We kind of knew that was happening already, as, in terms of recruitment and basic admin, SAP systems, automated payroll and online pre-selection screening of job candidates are all proving their worth and demonstrating how valuable technology can be as a ‘tool’ for managers.

But that is all technology is – a tool. In the same way that a pencil is a tool, a chisel is a tool, and a car/bus/train are all tools to be used to make our lives ‘simpler’.

And perhaps Wakeham’s ideal of a country with higher wages – and presumably fewer people and fewer jobs – with robots and machines carrying out more mundane and repetitive tasks, is not as far away as it might seem. But what then does that mean for HR professionals? Will there be a place for good people management skills?

Future fighters

Fortunately, there will always be a need for a champion of the people someone who will fight for the rights of the under-privileged, the disenfranchised, the downtrodden. But hang on a minute, you cry – surely that is a role already being carried out by people more scary than robots and more difficult to exploit than migrant workers – the unionistas? After all, don’t they fight for fair pay and conditions? Well, yes, they do. Kind of. But do the unions stand up to the unscrupulous bosses who pay the low wages that make jobs economically unviable? Do they, in short, do anything unless they are paid for it? No they don’t. Unions ask for subscriptions so that they can boost low pay by an amount that will cover that subscription. Nothing more. That is why they are a dying breed that’s why people say the unions are a bunch of dinosaurs.
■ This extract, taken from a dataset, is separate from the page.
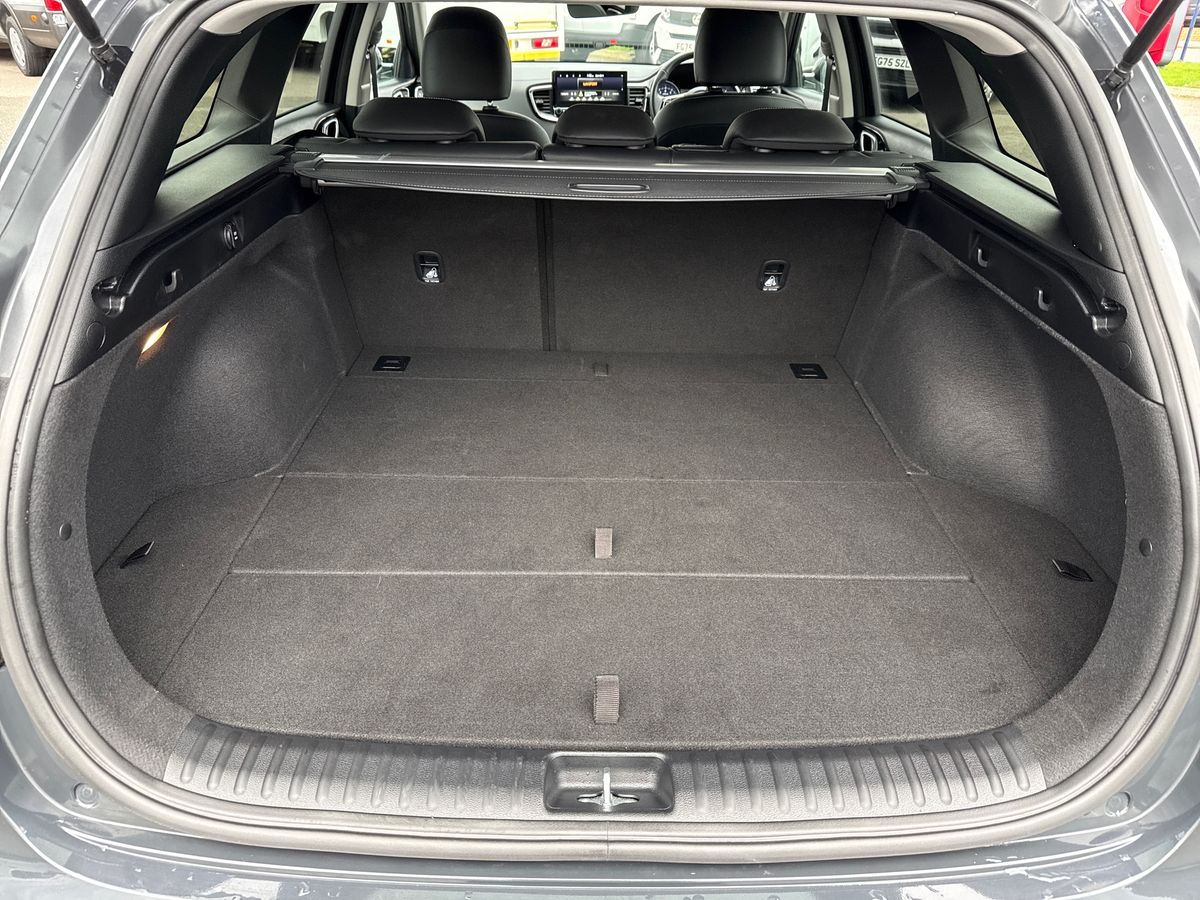 Used Kia Ceed 2025 for sale - 76488259: Photo 11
In reality, they are more like a bunch of dysfunctional robots. They all speak in the same monotone drawl they get ‘upset’ at the slightest thing use a standard set of phrases and all of them have an uncanny inability to adapt to any changing circumstances.

So as we move into our automated future, who will be in a position to be a champion for the people if the unions are too busy collecting subs and lining their own pockets?

The answer is a National HR Service. Independent of corporations and independent of government, it could supply HR to all organisations and all organisations could fund it, rather than growing their own. It could incorporate the sensible elements of union activity, work with Acas and other bodies (such as the CMI), and the Chartered Institute of Personnel and Development could continue to do whatever it does so well right now, but for the greater good.

It might seem implausible, but when lords and futurologists start talking about a future run by robots and hard-working, highly paid staff with little or no migrant workers, it doesn’t sound so strange.